Actually my original idea wasn't language constructs configured with dialog boxes, it was language dialects, both semantic and syntactic.

So you could have a very configurable language where you could make complex choices about which features of the language you want, but the granularity wouldn't have to be a whole project. One idea was that different parts of the same program could even have features that are usually considered incompatible to have in the same system, and have the system robustly glue them together.

Examples of incompatible features could grammar differences, could be safe, statically type checked code, vs. dynamic typed, vs, unsafe with casting could be abis, such as spaghetti stacks for continuations, vs. normal stacks, could be C style numeric tower vs. LISP style numeric tower, vs. objects all the way down, could be impure logic search strategies vs. pure, breadth first, iterative deepening etc. default lazy evaluation vs. default strict, could be allocates and garbage collects memory vs. uses preallocated memory vs. manual allocation, could be compiled ahead of time vs. trace compiled vs. jit with static types but staging, could be multiprocessor optimized vs. uses optimizations that forbid threads and state.

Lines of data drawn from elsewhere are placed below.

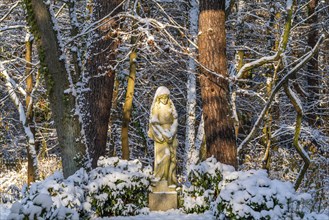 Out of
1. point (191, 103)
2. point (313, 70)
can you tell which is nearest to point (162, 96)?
point (191, 103)

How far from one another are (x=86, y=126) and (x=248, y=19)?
29.6 feet

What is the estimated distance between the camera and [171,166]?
9375 millimetres

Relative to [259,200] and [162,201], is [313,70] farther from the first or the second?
[259,200]

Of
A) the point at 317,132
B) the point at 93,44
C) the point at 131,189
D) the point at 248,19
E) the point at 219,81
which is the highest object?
the point at 248,19

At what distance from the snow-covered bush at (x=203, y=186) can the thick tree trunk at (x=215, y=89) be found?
30 cm

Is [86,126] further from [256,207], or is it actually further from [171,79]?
[171,79]

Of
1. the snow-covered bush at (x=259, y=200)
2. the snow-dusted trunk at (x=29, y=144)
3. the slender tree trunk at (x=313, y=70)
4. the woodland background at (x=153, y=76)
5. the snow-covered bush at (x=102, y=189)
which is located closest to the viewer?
the snow-covered bush at (x=259, y=200)

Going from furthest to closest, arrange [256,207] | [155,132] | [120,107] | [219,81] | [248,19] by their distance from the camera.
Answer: [120,107], [248,19], [155,132], [219,81], [256,207]

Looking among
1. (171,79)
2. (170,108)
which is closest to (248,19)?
(171,79)

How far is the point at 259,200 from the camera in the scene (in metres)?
6.23

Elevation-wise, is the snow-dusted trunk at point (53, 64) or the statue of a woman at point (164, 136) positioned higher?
the snow-dusted trunk at point (53, 64)

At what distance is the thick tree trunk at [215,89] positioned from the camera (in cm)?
846

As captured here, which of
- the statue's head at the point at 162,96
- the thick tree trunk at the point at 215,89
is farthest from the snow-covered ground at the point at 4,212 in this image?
the thick tree trunk at the point at 215,89

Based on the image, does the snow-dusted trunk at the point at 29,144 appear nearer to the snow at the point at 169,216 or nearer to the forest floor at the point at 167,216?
the forest floor at the point at 167,216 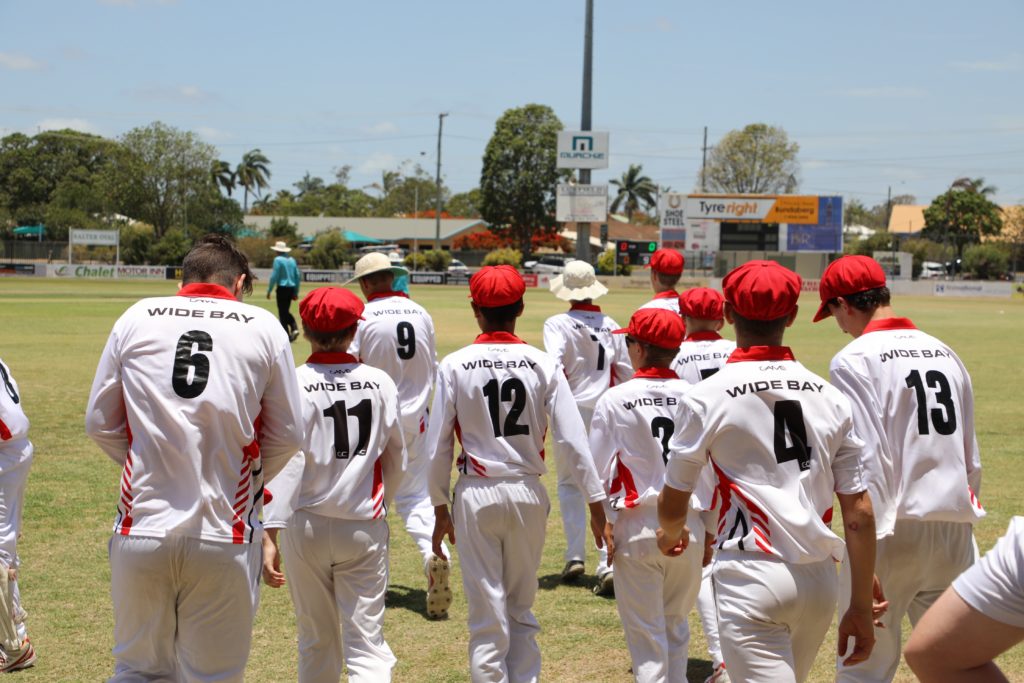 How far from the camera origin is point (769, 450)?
3814 mm

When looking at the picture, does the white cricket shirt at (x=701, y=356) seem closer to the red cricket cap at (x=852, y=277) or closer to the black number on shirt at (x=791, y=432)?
the red cricket cap at (x=852, y=277)

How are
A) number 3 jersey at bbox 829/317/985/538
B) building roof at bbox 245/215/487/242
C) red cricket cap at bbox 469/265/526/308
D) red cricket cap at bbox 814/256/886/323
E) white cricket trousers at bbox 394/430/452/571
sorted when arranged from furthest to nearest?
building roof at bbox 245/215/487/242
white cricket trousers at bbox 394/430/452/571
red cricket cap at bbox 469/265/526/308
red cricket cap at bbox 814/256/886/323
number 3 jersey at bbox 829/317/985/538

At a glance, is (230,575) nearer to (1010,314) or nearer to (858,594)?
(858,594)

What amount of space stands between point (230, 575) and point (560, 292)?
192 inches

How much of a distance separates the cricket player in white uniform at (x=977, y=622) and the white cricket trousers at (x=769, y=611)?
1140 mm

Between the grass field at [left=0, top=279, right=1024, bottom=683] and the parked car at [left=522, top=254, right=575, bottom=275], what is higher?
the parked car at [left=522, top=254, right=575, bottom=275]

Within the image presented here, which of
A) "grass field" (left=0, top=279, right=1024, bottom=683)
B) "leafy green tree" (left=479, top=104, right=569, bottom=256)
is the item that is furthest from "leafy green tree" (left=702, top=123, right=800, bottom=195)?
"grass field" (left=0, top=279, right=1024, bottom=683)

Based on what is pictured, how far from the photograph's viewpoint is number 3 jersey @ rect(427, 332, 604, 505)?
209 inches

Robustly glue them together

Robustly gluing together program fragments whose semantics are given by disjoint (or even worse, incompatible) features is an open problem. Gradual typing (mixing static and dynamic parts in a single program) is subtle enough that there was a paper published this year about what its "correct" definition is, and which results do we have about it (not a lot), Mixing strict and lazy code has a very subtle semantics that we don't really know how to reason about well right now. Reasoning on a program fragment written without control-effects (setjmp/longjmp for example) but that may call other parts that do use control-effects is also a challenge.

Changed my post

I had forgotten part of my original idea while posting about "my original idea". I was a bit distracted and tired, sorry. So we cross posted.

So grammar changes were something important I left out.

:) well we'll learn a lot by trying

Gluing together bits from different languages is currently harder than whatever problem you're probably trying to solve, so having tools with dialect level differences designed to work with each other would be novel.

Other kinds of engineering don't have the "you can only use one tool per job" problem that software engineering has. I'd like to see that restriction disappear.


In fact I'm planning to work on that. For an ambitious programme in this direction, you may be interested in the recent Verified Compilers for a Multi-Language World article by Amal Ahmed.

What I remember from the Victor Brent talk

(which I saw a long time ago mind you) was better debugging and tests in a very simple way.

One was data tagged with what code produced it. His example was pixels on a screen, but it could just as easily be any data in any variable or array. That's simple. Expensive, but debugging is expensive anyway. - That looked extremely useful, as would be variations on it. I could imagine putting more complex tags on data. Anyway I don't know of any tools that have this. Will EVE?

The other was "live test cases for each line of code (in some cases)," where he had tests coupled with the code they tested and while he edited code, you could see the test case results changing.

That's a bit harder and needs some IDE support, but nothing really hard there...

Debugging in datalog

Debugging in datalog languages is interesting. You can run rules backwards to figure out which inputs were used to derive the data you are looking at, and follow that cause and effect graph all the way back to the beginning of time. Similar in effect to http://www.cs.cmu.edu/~NatProg/whyline.html but without any runtime overhead.

We already execute code live at it is edited, so live test cases are easy. I want to try automatic fuzzing too ie given the integrity constraints specified by the user we can try to generate inputs that break them.